[EXERCISE DETAILS] Repeat every entry in the listing below, exactly.
--------------------
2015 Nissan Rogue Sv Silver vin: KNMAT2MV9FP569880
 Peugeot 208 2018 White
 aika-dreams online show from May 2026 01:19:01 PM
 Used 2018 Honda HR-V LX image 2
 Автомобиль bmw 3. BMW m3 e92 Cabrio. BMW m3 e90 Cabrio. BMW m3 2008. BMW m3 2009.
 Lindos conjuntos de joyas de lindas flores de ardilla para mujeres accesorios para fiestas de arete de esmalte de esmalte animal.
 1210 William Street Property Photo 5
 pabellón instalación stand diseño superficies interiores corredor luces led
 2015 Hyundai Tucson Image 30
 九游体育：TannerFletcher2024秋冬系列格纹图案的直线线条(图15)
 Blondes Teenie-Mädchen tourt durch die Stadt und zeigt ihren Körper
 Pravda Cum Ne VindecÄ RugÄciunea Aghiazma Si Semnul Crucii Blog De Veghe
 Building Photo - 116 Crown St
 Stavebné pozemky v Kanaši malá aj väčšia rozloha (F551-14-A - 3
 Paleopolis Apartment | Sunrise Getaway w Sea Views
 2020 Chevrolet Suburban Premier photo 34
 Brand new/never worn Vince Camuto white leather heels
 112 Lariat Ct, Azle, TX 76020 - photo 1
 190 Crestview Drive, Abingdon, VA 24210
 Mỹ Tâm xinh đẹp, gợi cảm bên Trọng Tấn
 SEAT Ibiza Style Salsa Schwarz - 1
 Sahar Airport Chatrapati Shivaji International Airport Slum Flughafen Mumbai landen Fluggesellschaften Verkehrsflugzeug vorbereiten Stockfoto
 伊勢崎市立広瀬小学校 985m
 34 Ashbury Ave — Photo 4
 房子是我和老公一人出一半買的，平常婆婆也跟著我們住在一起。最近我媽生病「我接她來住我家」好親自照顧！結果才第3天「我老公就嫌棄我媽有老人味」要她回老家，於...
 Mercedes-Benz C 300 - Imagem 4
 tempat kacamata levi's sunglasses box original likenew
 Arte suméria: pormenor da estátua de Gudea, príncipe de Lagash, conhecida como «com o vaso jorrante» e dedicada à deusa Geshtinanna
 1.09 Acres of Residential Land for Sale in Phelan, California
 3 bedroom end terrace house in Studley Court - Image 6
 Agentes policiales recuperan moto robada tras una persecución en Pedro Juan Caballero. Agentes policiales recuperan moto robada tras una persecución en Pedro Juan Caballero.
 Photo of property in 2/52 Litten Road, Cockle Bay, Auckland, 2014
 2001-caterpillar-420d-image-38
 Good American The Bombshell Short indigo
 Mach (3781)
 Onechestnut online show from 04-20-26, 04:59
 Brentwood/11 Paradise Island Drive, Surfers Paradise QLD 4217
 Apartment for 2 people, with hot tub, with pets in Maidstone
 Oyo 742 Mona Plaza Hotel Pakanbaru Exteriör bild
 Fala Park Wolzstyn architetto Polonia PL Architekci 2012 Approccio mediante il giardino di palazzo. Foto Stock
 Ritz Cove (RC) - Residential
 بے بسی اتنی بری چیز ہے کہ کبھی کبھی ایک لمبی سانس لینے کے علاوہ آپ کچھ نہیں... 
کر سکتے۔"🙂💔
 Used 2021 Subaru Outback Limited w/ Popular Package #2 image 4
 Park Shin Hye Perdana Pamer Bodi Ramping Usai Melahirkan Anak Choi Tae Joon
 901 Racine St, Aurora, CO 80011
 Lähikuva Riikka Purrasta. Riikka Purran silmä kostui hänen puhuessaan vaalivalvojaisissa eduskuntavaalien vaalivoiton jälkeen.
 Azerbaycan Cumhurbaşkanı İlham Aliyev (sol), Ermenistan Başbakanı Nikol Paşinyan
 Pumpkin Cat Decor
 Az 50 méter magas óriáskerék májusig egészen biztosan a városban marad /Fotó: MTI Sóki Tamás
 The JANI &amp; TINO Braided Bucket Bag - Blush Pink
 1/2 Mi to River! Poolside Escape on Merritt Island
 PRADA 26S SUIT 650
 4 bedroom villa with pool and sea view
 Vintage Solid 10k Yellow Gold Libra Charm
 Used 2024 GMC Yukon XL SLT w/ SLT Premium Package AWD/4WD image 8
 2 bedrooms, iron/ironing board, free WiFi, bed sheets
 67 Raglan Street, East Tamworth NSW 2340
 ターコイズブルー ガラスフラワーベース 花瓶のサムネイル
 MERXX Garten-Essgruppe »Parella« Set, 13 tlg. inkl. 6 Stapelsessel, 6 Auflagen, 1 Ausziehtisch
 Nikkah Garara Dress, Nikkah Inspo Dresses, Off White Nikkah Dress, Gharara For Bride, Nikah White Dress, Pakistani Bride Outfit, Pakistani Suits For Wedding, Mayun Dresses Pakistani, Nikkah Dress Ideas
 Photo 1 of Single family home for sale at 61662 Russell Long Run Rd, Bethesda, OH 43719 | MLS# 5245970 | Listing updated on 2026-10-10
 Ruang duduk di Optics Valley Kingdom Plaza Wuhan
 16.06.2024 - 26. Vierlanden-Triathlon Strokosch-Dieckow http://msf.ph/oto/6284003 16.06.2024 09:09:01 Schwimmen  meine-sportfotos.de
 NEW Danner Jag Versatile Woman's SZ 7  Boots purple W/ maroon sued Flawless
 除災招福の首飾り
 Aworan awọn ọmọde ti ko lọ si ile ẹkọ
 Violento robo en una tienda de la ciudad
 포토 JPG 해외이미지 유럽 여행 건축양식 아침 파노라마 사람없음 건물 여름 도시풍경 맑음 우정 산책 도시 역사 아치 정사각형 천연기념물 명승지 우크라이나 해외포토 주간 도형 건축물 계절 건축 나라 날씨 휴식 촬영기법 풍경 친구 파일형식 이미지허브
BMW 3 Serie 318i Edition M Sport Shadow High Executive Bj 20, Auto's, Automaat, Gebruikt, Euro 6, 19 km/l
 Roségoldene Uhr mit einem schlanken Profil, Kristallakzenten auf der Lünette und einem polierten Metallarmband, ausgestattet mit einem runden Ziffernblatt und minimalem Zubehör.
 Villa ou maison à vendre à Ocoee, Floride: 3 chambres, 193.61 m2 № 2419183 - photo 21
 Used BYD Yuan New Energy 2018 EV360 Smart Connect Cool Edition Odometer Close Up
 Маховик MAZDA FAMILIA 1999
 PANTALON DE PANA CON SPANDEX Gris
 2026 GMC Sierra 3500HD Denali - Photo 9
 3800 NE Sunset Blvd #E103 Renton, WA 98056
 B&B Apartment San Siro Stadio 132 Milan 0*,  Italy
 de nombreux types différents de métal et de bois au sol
--------------------
[REPLY TO THE TASK]
2015 Nissan Rogue Sv Silver vin: KNMAT2MV9FP569880
 Peugeot 208 2018 White
 aika-dreams online show from May 2026 01:19:01 PM
 Used 2018 Honda HR-V LX image 2
 Автомобиль bmw 3. BMW m3 e92 Cabrio. BMW m3 e90 Cabrio. BMW m3 2008. BMW m3 2009.
 Lindos conjuntos de joyas de lindas flores de ardilla para mujeres accesorios para fiestas de arete de esmalte de esmalte animal.
 1210 William Street Property Photo 5
 pabellón instalación stand diseño superficies interiores corredor luces led
 2015 Hyundai Tucson Image 30
 九游体育：TannerFletcher2024秋冬系列格纹图案的直线线条(图15)
 Blondes Teenie-Mädchen tourt durch die Stadt und zeigt ihren Körper
 Pravda Cum Ne VindecÄ RugÄciunea Aghiazma Si Semnul Crucii Blog De Veghe
 Building Photo - 116 Crown St
 Stavebné pozemky v Kanaši malá aj väčšia rozloha (F551-14-A - 3
 Paleopolis Apartment | Sunrise Getaway w Sea Views
 2020 Chevrolet Suburban Premier photo 34
 Brand new/never worn Vince Camuto white leather heels
 112 Lariat Ct, Azle, TX 76020 - photo 1
 190 Crestview Drive, Abingdon, VA 24210
 Mỹ Tâm xinh đẹp, gợi cảm bên Trọng Tấn
 SEAT Ibiza Style Salsa Schwarz - 1
 Sahar Airport Chatrapati Shivaji International Airport Slum Flughafen Mumbai landen Fluggesellschaften Verkehrsflugzeug vorbereiten Stockfoto
 伊勢崎市立広瀬小学校 985m
 34 Ashbury Ave — Photo 4
 房子是我和老公一人出一半買的，平常婆婆也跟著我們住在一起。最近我媽生病「我接她來住我家」好親自照顧！結果才第3天「我老公就嫌棄我媽有老人味」要她回老家，於...
 Mercedes-Benz C 300 - Imagem 4
 tempat kacamata levi's sunglasses box original likenew
 Arte suméria: pormenor da estátua de Gudea, príncipe de Lagash, conhecida como «com o vaso jorrante» e dedicada à deusa Geshtinanna
 1.09 Acres of Residential Land for Sale in Phelan, California
 3 bedroom end terrace house in Studley Court - Image 6
 Agentes policiales recuperan moto robada tras una persecución en Pedro Juan Caballero. Agentes policiales recuperan moto robada tras una persecución en Pedro Juan Caballero.
 Photo of property in 2/52 Litten Road, Cockle Bay, Auckland, 2014
 2001-caterpillar-420d-image-38
 Good American The Bombshell Short indigo
 Mach (3781)
 Onechestnut online show from 04-20-26, 04:59
 Brentwood/11 Paradise Island Drive, Surfers Paradise QLD 4217
 Apartment for 2 people, with hot tub, with pets in Maidstone
 Oyo 742 Mona Plaza Hotel Pakanbaru Exteriör bild
 Fala Park Wolzstyn architetto Polonia PL Architekci 2012 Approccio mediante il giardino di palazzo. Foto Stock
 Ritz Cove (RC) - Residential
 بے بسی اتنی بری چیز ہے کہ کبھی کبھی ایک لمبی سانس لینے کے علاوہ آپ کچھ نہیں... 
کر سکتے۔"🙂💔
 Used 2021 Subaru Outback Limited w/ Popular Package #2 image 4
 Park Shin Hye Perdana Pamer Bodi Ramping Usai Melahirkan Anak Choi Tae Joon
 901 Racine St, Aurora, CO 80011
 Lähikuva Riikka Purrasta. Riikka Purran silmä kostui hänen puhuessaan vaalivalvojaisissa eduskuntavaalien vaalivoiton jälkeen.
 Azerbaycan Cumhurbaşkanı İlham Aliyev (sol), Ermenistan Başbakanı Nikol Paşinyan
 Pumpkin Cat Decor
 Az 50 méter magas óriáskerék májusig egészen biztosan a városban marad /Fotó: MTI Sóki Tamás
 The JANI &amp; TINO Braided Bucket Bag - Blush Pink
 1/2 Mi to River! Poolside Escape on Merritt Island
 PRADA 26S SUIT 650
 4 bedroom villa with pool and sea view
 Vintage Solid 10k Yellow Gold Libra Charm
 Used 2024 GMC Yukon XL SLT w/ SLT Premium Package AWD/4WD image 8
 2 bedrooms, iron/ironing board, free WiFi, bed sheets
 67 Raglan Street, East Tamworth NSW 2340
 ターコイズブルー ガラスフラワーベース 花瓶のサムネイル
 MERXX Garten-Essgruppe »Parella« Set, 13 tlg. inkl. 6 Stapelsessel, 6 Auflagen, 1 Ausziehtisch
 Nikkah Garara Dress, Nikkah Inspo Dresses, Off White Nikkah Dress, Gharara For Bride, Nikah White Dress, Pakistani Bride Outfit, Pakistani Suits For Wedding, Mayun Dresses Pakistani, Nikkah Dress Ideas
 Photo 1 of Single family home for sale at 61662 Russell Long Run Rd, Bethesda, OH 43719 | MLS# 5245970 | Listing updated on 2026-10-10
 Ruang duduk di Optics Valley Kingdom Plaza Wuhan
 16.06.2024 - 26. Vierlanden-Triathlon Strokosch-Dieckow http://msf.ph/oto/6284003 16.06.2024 09:09:01 Schwimmen  meine-sportfotos.de
 NEW Danner Jag Versatile Woman's SZ 7  Boots purple W/ maroon sued Flawless
 除災招福の首飾り
 Aworan awọn ọmọde ti ko lọ si ile ẹkọ
 Violento robo en una tienda de la ciudad
 포토 JPG 해외이미지 유럽 여행 건축양식 아침 파노라마 사람없음 건물 여름 도시풍경 맑음 우정 산책 도시 역사 아치 정사각형 천연기념물 명승지 우크라이나 해외포토 주간 도형 건축물 계절 건축 나라 날씨 휴식 촬영기법 풍경 친구 파일형식 이미지허브
BMW 3 Serie 318i Edition M Sport Shadow High Executive Bj 20, Auto's, Automaat, Gebruikt, Euro 6, 19 km/l
 Roségoldene Uhr mit einem schlanken Profil, Kristallakzenten auf der Lünette und einem polierten Metallarmband, ausgestattet mit einem runden Ziffernblatt und minimalem Zubehör.
 Villa ou maison à vendre à Ocoee, Floride: 3 chambres, 193.61 m2 № 2419183 - photo 21
 Used BYD Yuan New Energy 2018 EV360 Smart Connect Cool Edition Odometer Close Up
 Маховик MAZDA FAMILIA 1999
 PANTALON DE PANA CON SPANDEX Gris
 2026 GMC Sierra 3500HD Denali - Photo 9
 3800 NE Sunset Blvd #E103 Renton, WA 98056
 B&B Apartment San Siro Stadio 132 Milan 0*,  Italy
 de nombreux types différents de métal et de bois au sol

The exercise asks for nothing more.